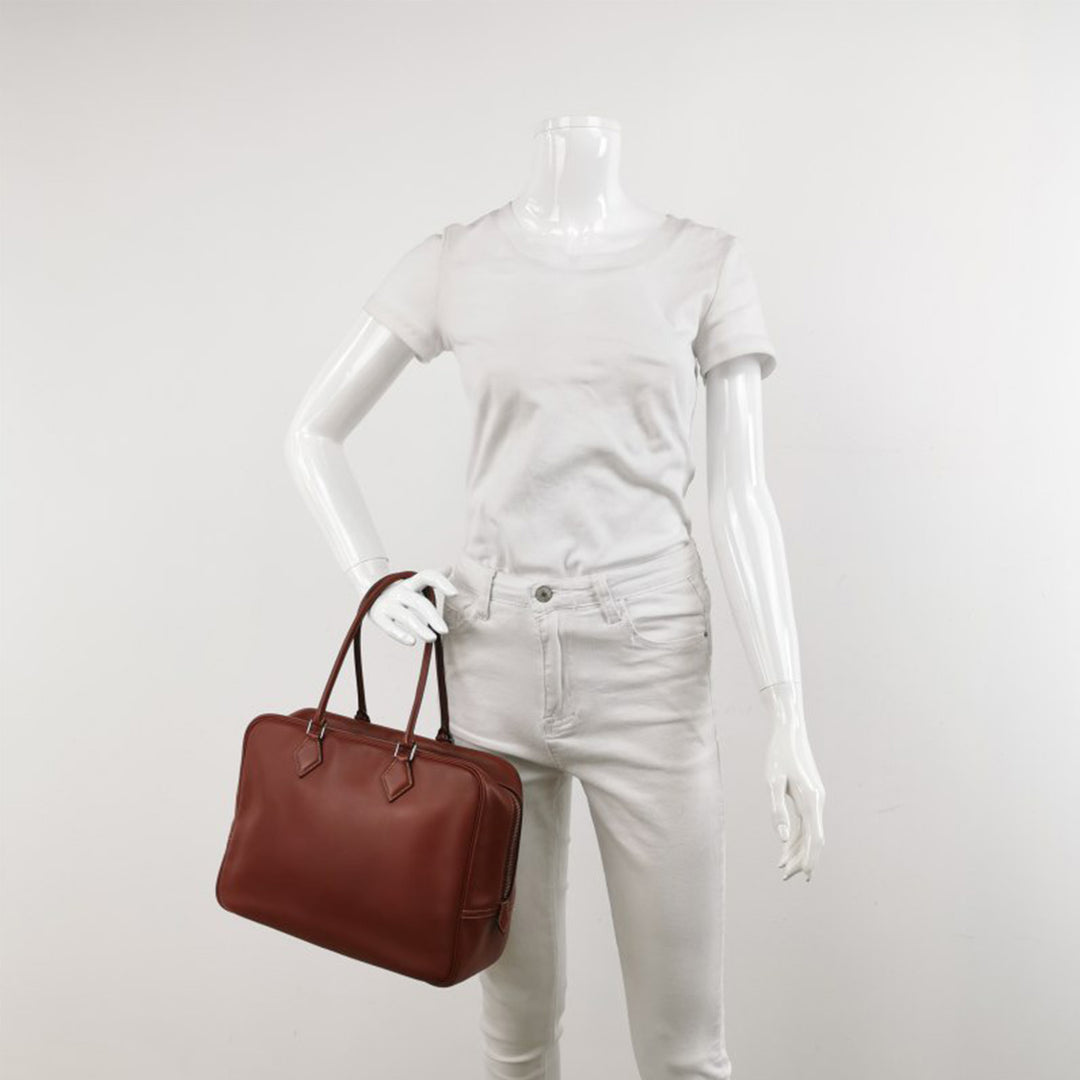 Hermes Plume 32 Leather Tote Bag in Brown with Silver Hardware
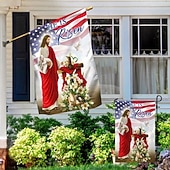 abordables Banderas de Jardín, Banner-Bandera de Jardín 12x18 Pulgadas Decoraciones al Aire Libre Bienvenida Bandera de Jardín Patio Bandera Cruz Jesús Bandera de Jardín Doble Cara Banderas al Aire Libre 1pc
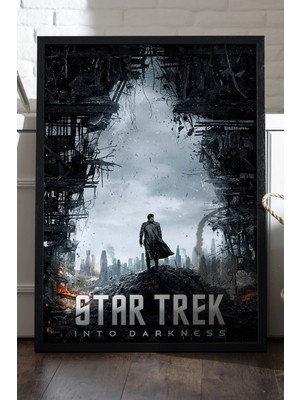 Duvarda Star Trek Siyah Ahşap Çerçeveli Poster, Dekoratif Film Duvar Tablosu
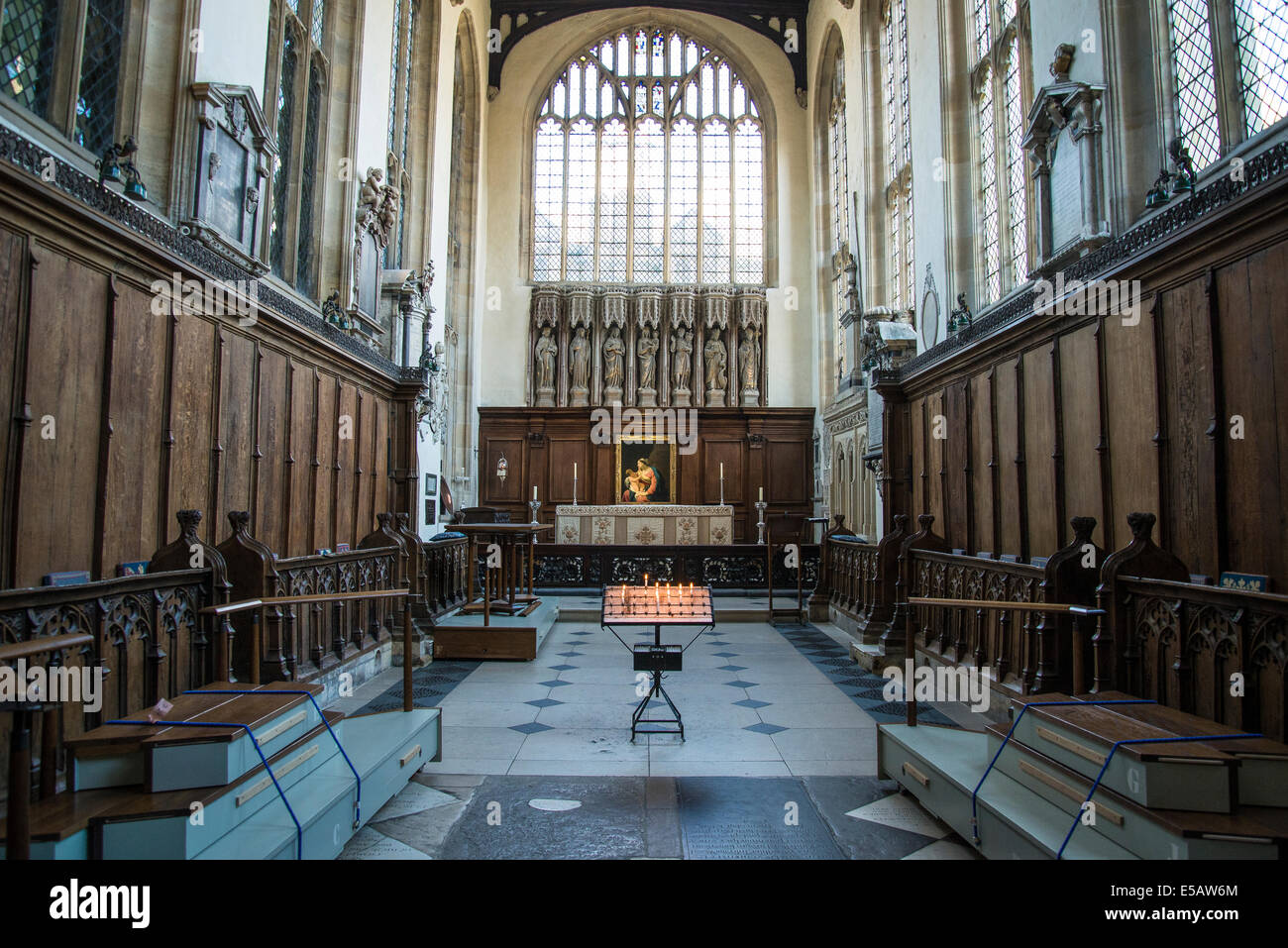 Universität St. Marienkirche der Jungfrau Maria, Chor, Oxford, England, Vereinigtes Königreich Stockfoto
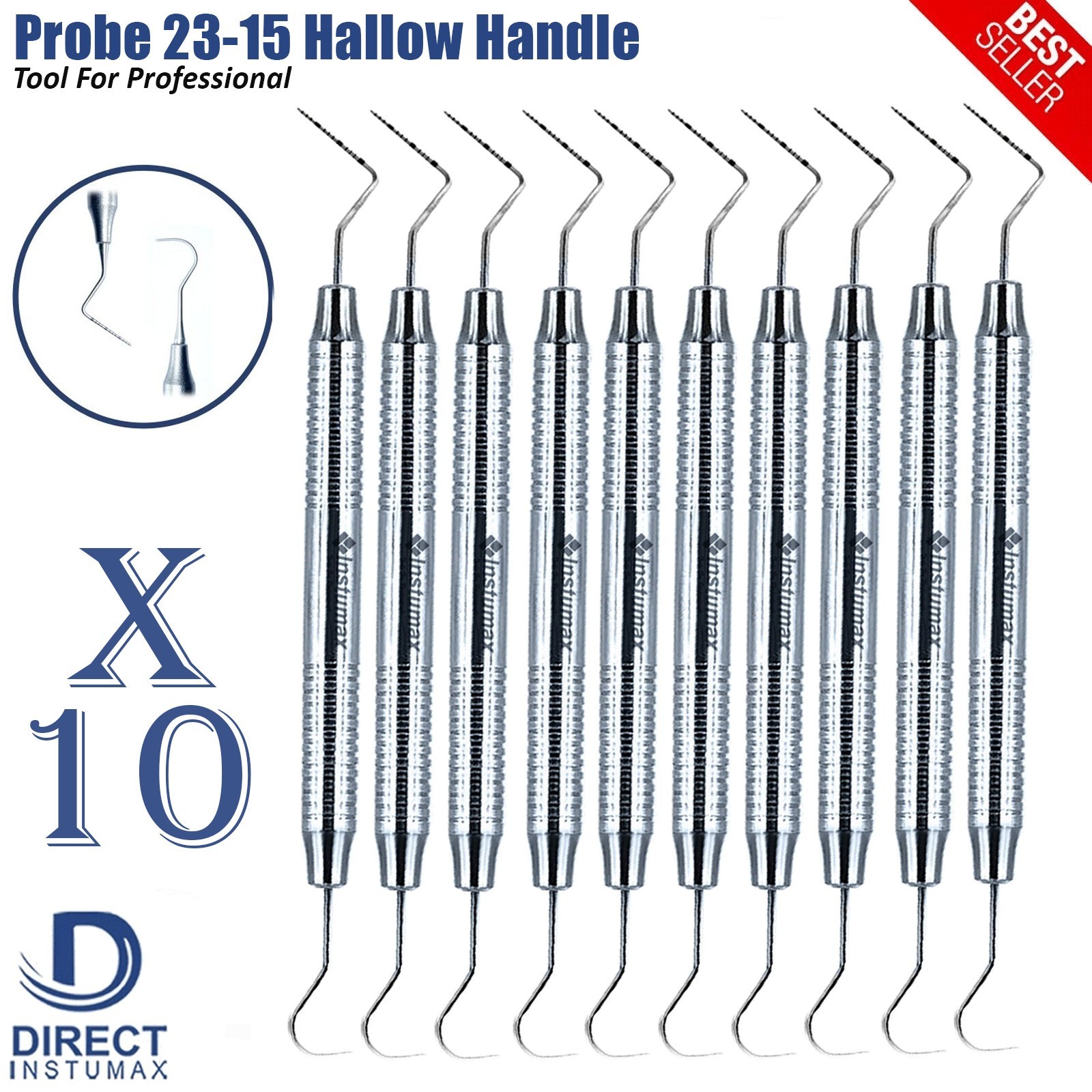 Dental Perio Explorer 23 Probe UNC 15 Hallow Handle Color Marking Double Ended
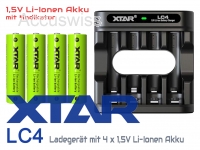 Xtar LC4 Ladegert inkl. 4x AA, LR6, 1.5V Li-Ion Akkus mit Akku-Wechselanzeige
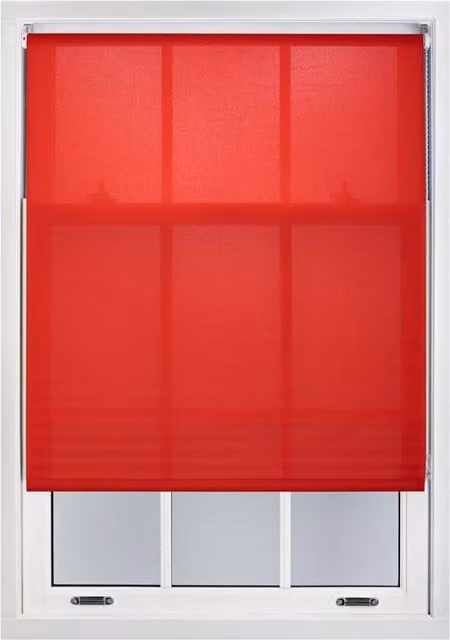 Furnished Red Daylight Roller Blinds, Semi-Transparent Polyester Window Shade, Width: 230 cm, Drop: 165 cm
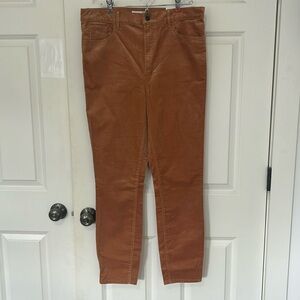 Loft skinny high-rise corduroy pants size 12 / 31 brown soft corduroy pants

————

**Assigned task**
Please output only the lines running from the one that holds "Universität St. Marienkirche" through the last line of the entries, both ends included, without any images.

**Answer to the exercise**
 Universität St. Marienkirche der Jungfrau Maria, Chor, Oxford, England, Vereinigtes Königreich Stockfoto
 Dental Perio Explorer 23 Probe UNC 15 Hallow Handle Color Marking Double Ended
 Xtar LC4 Ladegert inkl. 4x AA, LR6, 1.5V Li-Ion Akkus mit Akku-Wechselanzeige
 Furnished Red Daylight Roller Blinds, Semi-Transparent Polyester Window Shade, Width: 230 cm, Drop: 165 cm
 Loft skinny high-rise corduroy pants size 12 / 31 brown soft corduroy pants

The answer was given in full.